Home Sports Local Sports Mine That Bird goes into Ruidoso Hall of Fame

Mine That Bird goes into Ruidoso Hall of Fame

In this May 2, 2009, file photo, Calvin Borel rides Mine That Bird to a victory in the 135th Kentucky Derby horse race at Churchill Downs in Louisville, Ky. (AP File Photo)

Copyright © 2021 Roswell Daily Record

May 2, 2009, Tom Durkin is the NBC horse race announcer for the 2009 Kentucky Derby, where Roswell’s Mine That Bird, a 50-1 longshot, wins the race using the rail to bolt past the field.

A picture of Mine That Bird, the 2009 Kentucky Derby champion. (J.T. Keith File Photo)

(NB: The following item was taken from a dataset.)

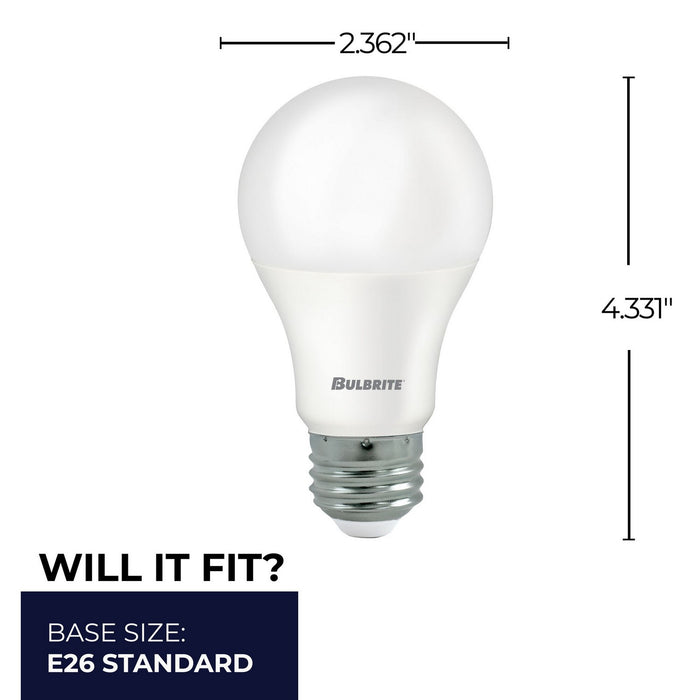 Bulbrite 774246 Light Bulb, Frost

Durkin — until the final 1/8 pole on the stretch run — appeared to lose sight of Mine That Bird’s dramatic move around the far turn. But so did the other thousands at Churchill Downs and the millions watching at home that day.

Here is Durkin’s call: “Down toward the inside coming on through … that is Mine That Bird, has come on to take the lead, he comes to the finish, and in a spectacular, spectacular upset, Mine That Bird has won the Kentucky Derby.”

“He was as surprised like everyone else,” said Dr. Leonard Blach, one of the co-owners of Mine That Bird. “Someone had to tell him, it’s Mine That Bird.”

Blach and Mark Allen, the other co-owner of the horse, were inducted in the Ruidoso Downs Racing Hall of Fame with Mine That Bird on Friday night.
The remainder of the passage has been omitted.